- **Aim of the task**: Below are records that should be duplicated exactly, with no image retained.
━━━━━ Data extract
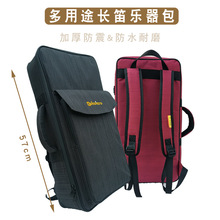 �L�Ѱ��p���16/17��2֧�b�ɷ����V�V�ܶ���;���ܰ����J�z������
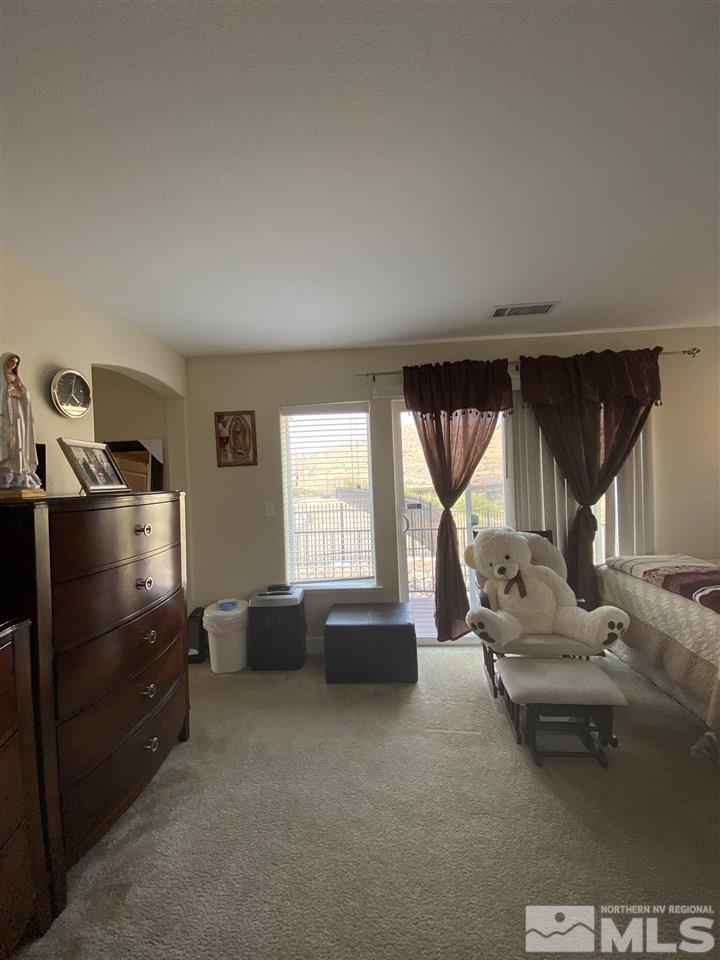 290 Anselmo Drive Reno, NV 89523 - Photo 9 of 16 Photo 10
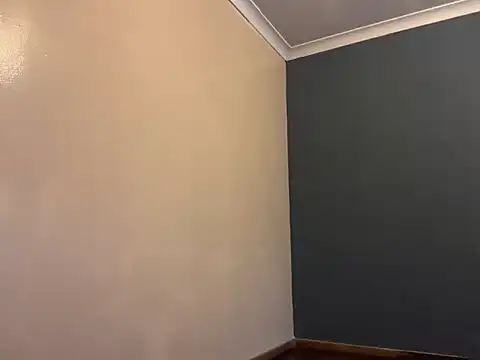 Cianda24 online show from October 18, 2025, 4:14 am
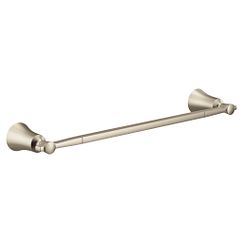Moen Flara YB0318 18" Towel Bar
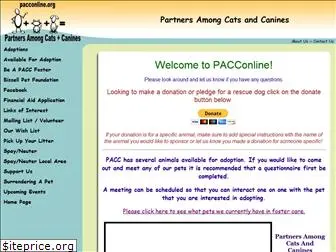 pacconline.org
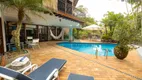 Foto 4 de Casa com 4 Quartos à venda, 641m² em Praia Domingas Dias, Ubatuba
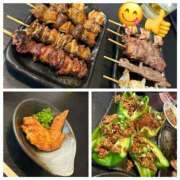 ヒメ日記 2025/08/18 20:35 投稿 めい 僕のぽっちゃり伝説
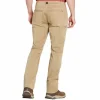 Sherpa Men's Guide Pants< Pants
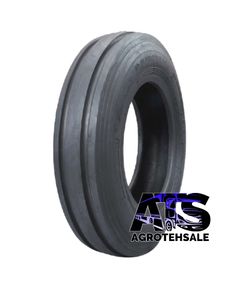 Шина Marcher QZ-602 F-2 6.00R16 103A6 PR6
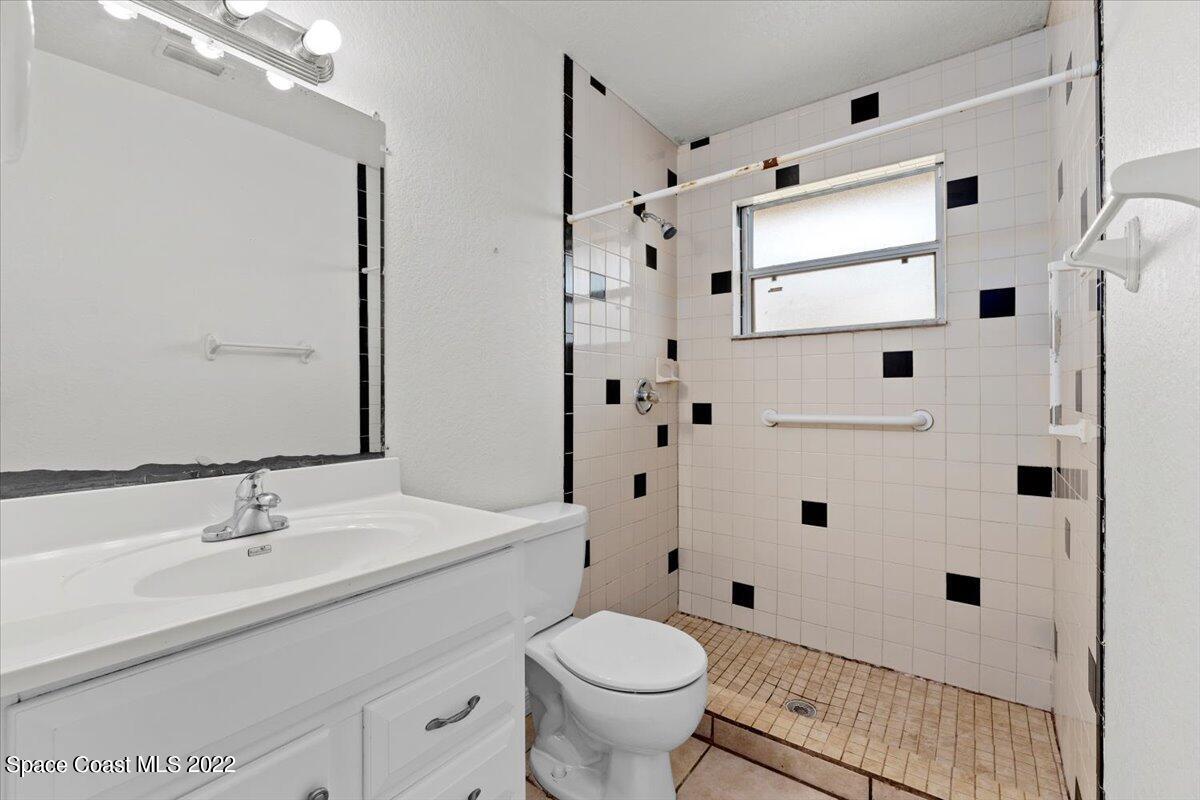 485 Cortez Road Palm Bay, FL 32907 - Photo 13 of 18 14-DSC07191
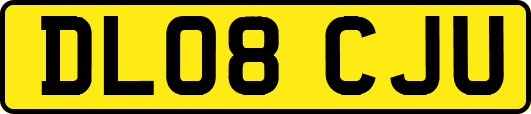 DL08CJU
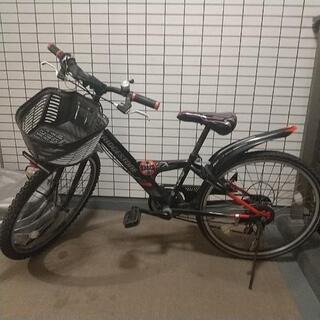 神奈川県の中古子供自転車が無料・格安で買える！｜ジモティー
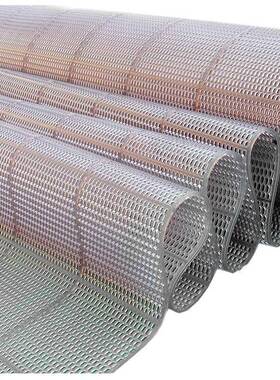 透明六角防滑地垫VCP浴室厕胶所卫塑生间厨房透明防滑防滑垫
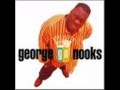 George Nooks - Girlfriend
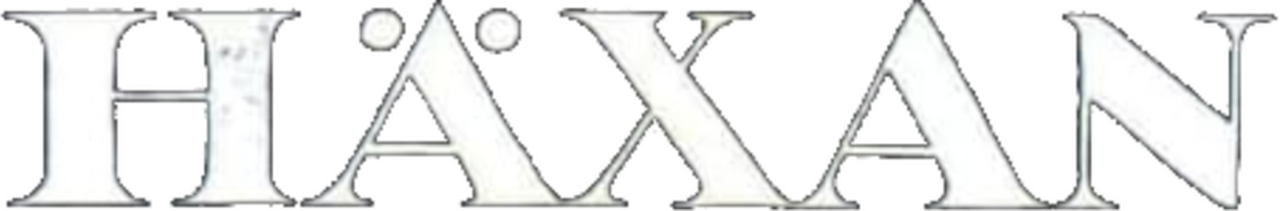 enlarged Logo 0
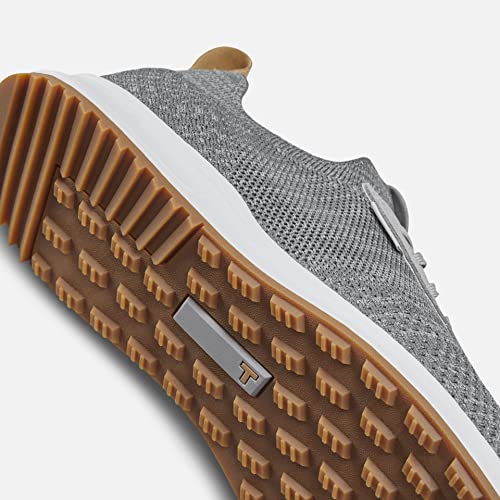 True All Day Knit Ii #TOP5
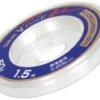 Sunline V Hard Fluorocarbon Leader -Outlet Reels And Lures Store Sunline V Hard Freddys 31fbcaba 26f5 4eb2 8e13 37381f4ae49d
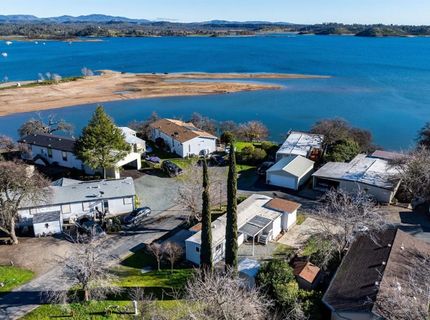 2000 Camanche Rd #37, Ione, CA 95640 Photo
━━━━━━━━━━
- **Task output**:
 �L�Ѱ��p���16/17��2֧�b�ɷ����V�V�ܶ���;���ܰ����J�z������
 290 Anselmo Drive Reno, NV 89523 - Photo 9 of 16 Photo 10
 Cianda24 online show from October 18, 2025, 4:14 am
Moen Flara YB0318 18" Towel Bar
 pacconline.org
 Foto 4 de Casa com 4 Quartos à venda, 641m² em Praia Domingas Dias, Ubatuba
 ヒメ日記 2025/08/18 20:35 投稿 めい 僕のぽっちゃり伝説
 Sherpa Men's Guide Pants< Pants
 Шина Marcher QZ-602 F-2 6.00R16 103A6 PR6
 485 Cortez Road Palm Bay, FL 32907 - Photo 13 of 18 14-DSC07191
 DL08CJU
 神奈川県の中古子供自転車が無料・格安で買える！｜ジモティー
 透明六角防滑地垫VCP浴室厕胶所卫塑生间厨房透明防滑防滑垫
 George Nooks - Girlfriend
 enlarged Logo 0
 True All Day Knit Ii #TOP5
 Sunline V Hard Fluorocarbon Leader -Outlet Reels And Lures Store Sunline V Hard Freddys 31fbcaba 26f5 4eb2 8e13 37381f4ae49d
 2000 Camanche Rd #37, Ione, CA 95640 Photo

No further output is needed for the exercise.